Your assignment: Pull out every line from the line containing "Vav Guanine Nucleotide" through the end of the material, both ends included, and reproduce it exactly. Keep pictures out.

Data provided: Begin

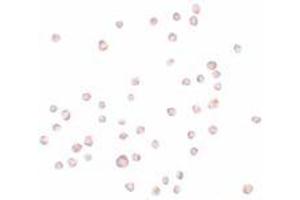 Immunohistochemistry (IHC) image for anti-Kelch-Like 25 (KLHL25) (Middle Region) antibody (ABIN1030925) (KLHL25 anticorps  (Middle Region))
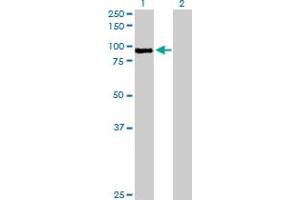 Western Blot analysis of MST1 expression in transfected 293T cell line by MST1 MaxPab polyclonal antibody. (MST1 抗体  (AA 1-711))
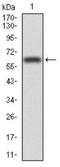 Vav Guanine Nucleotide Exchange Factor 2 antibody, NBP2-52583, Novus Biologicals, Western Blot image 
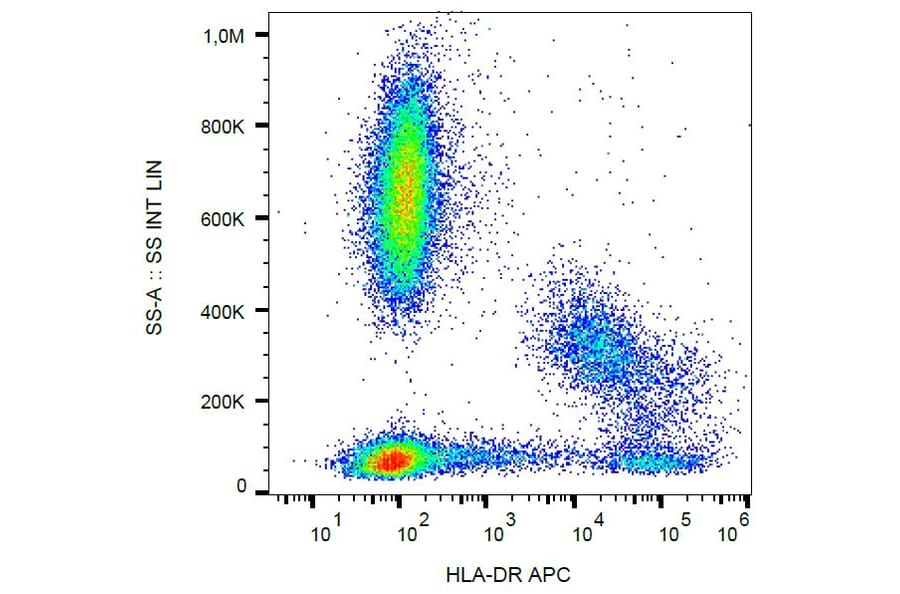 Flow Cytometry - Anti-HLA DR Antibody [MEM-12] (APC) (A85806) - Antibodies.com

Data provided: End

Task response:
 Vav Guanine Nucleotide Exchange Factor 2 antibody, NBP2-52583, Novus Biologicals, Western Blot image 
 Flow Cytometry - Anti-HLA DR Antibody [MEM-12] (APC) (A85806) - Antibodies.com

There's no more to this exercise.